И мы пошли по хмурому каменному городу, который я так и не сумела полюбить, в отличие от моей подруги. Для того чтобы любить его, думала я, в нём нужно родиться. Или пережить нечто значимое.
Правда теперь, когда я знала, что здесь живёт человек, воспоминания о котором приводили меня в совершенно незнакомое доселе состояние, я ступала с благоговением по его земле.

Мы сели в кафе позавтракать
Я думала — рассказать всё прямо сейчас или позже, дома?
Но единственная подруга на то и таковая, чтобы чуять тебя до нутра. Безо всяких слов.
— Сейчас расскажешь, или потом?
Вместо ответа я расплакалась.
Нуська молча протянула мне пакет с носовыми платками.
Когда я, отсморкавшись, подняла на неё глаза, она улыбалась во весь рот.
— Тебе что, Лялька сказала?
— Что сказала? – Она играла со мной.
— Ну… то, о чём ты спрашиваешь…
— Что ты влюбилась, что ли?
Я молча опустила голову.
— Да у тебя ж на лице всё написано! – Нуська засмеялась. – Ну… кроме имени.
— Сурен…
— Краси-иво! – Она прицокнула языком и закурила.
— Тебе правда Лялька ничего не рассказывала?
— Нет, нет же! Говори! – Её глаза азартно блестели.

В отличие от меня, Нуська знала, что такое любить и быть любимой — со всеми сопутствующими этому обстоятельствами. Она посвящала меня во все свои романы и связанные с ними переживания.
Иногда она рассказывала о тонкостях в интимной сфере своих отношений с мужчиной. Но это для меня было всё равно, что лекции по высшей математике, которые я слушала полтора года в нашем гуманитарном вузе, абсолютно ничего в ней не понимая.
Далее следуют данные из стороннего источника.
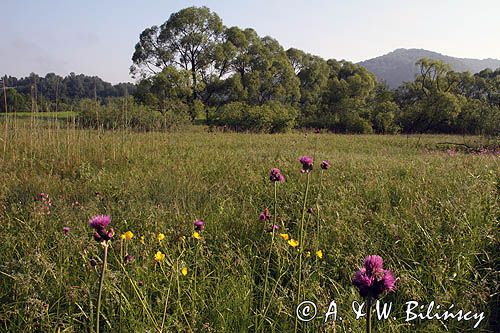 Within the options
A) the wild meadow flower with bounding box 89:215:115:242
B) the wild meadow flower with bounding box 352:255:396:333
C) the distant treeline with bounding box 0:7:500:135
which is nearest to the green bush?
the distant treeline with bounding box 0:7:500:135

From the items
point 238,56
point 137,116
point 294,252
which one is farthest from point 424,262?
point 238,56

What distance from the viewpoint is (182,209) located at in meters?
2.61

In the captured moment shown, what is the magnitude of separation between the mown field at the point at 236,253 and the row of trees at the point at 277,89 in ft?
50.2

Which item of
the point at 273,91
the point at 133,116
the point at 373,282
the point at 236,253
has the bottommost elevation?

Правда, сдала на пять…
Как-то на заре моего замужества она спросила: ну, и как твой Лордик в постели? Я очень тактично дала ей понять, что на эту тему она может и не пытаться задавать мне вопросов. Ладно, ладно, сказала Нуська, я же вижу, что он огненный мужчина, у вас, небось, простыни дымятся до утра… скромница ты моя.
Неужели, она так и думала?

Я коротко рассказала подруге о моём летнем романе длиной в два с половиной дня и его четырёхдневном продолжении в Москве.
— Так ты ещё… вы с ним ещё мальчик и девочка? – Сформулировала Нуся, как могла деликатно, животрепещущий вопрос.
— Да. – Ляпнула я, даже не успев сообразить, что эта часть моей жизни всегда была под табу.
— Н-да… — Протянула она. – Завидую, у тебя всё ещё впереди…
— Что впереди?
— Новый поворот… То, что за ним… Это всегда восторг. Правда, — добавила она, – бывают и разочарования… Но мы-то с тобой женщины взрослые, имеем опыт… с посредственностью связываться на станем…
— Нуся… — Я посмотрела на неё умоляюще. – Какой опыт! Я вообще ещё женщиной не была!
— Что?!..

Мы продолжили у неё дома.
До встречи с Суреном у меня было время. Несмотря на субботу, он на работе – сдача тиража. Я должна позвонить ему в час.

Нусино лицо в продолжение моей исповеди принимало те же выражения, что и лицо дочери. А мне потребовалось уже меньше эмоций для рассказа. Я даже посмеивалась над собой в некоторых местах.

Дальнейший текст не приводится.